→ ACTIVITY:
The whole listing is to be restated word for word with no images.

→ DATA EXTRACT:
------------------------
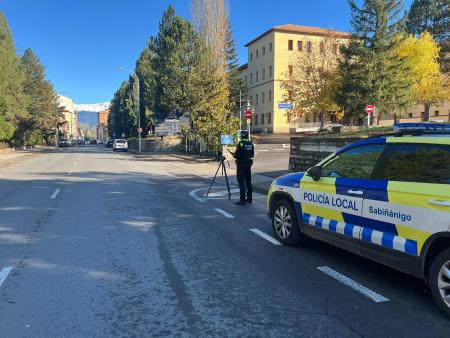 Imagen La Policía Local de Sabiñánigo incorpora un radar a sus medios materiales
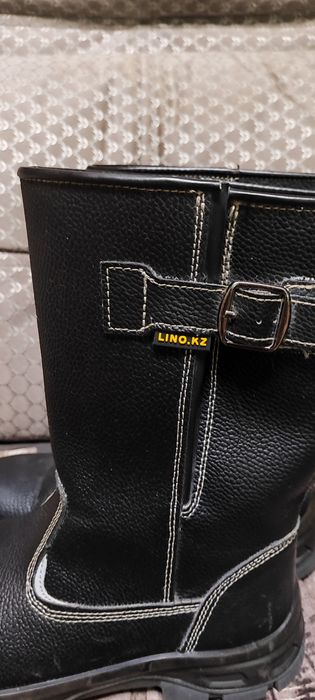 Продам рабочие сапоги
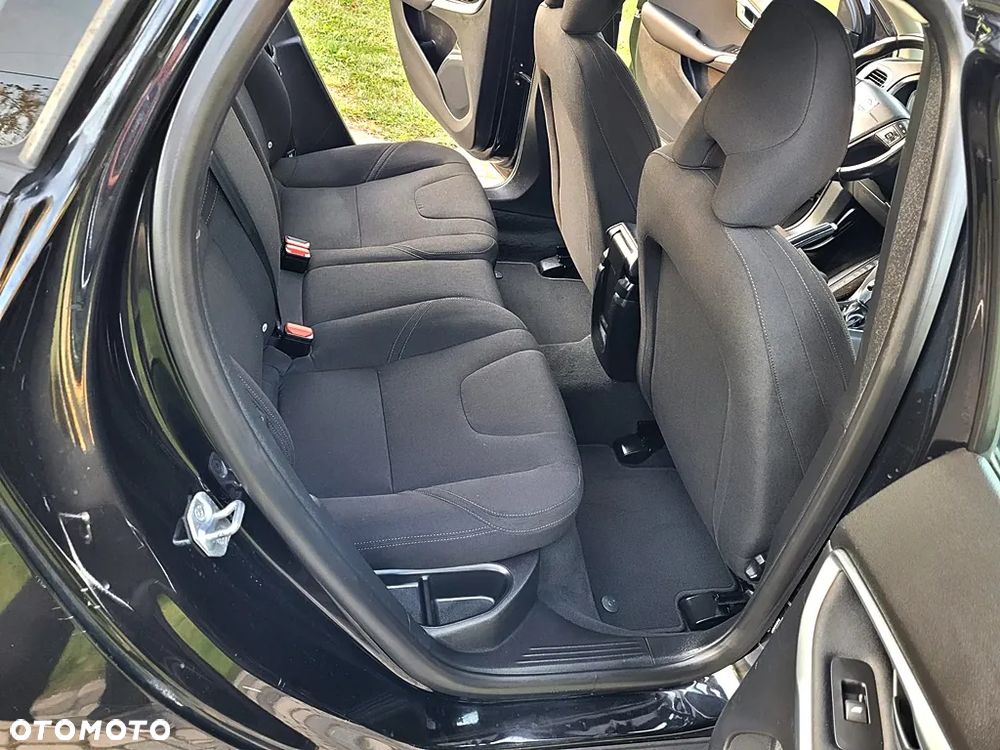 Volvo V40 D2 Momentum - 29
------------------------
→ EXERCISE SOLUTION:
 Imagen La Policía Local de Sabiñánigo incorpora un radar a sus medios materiales
 Продам рабочие сапоги
 Volvo V40 D2 Momentum - 29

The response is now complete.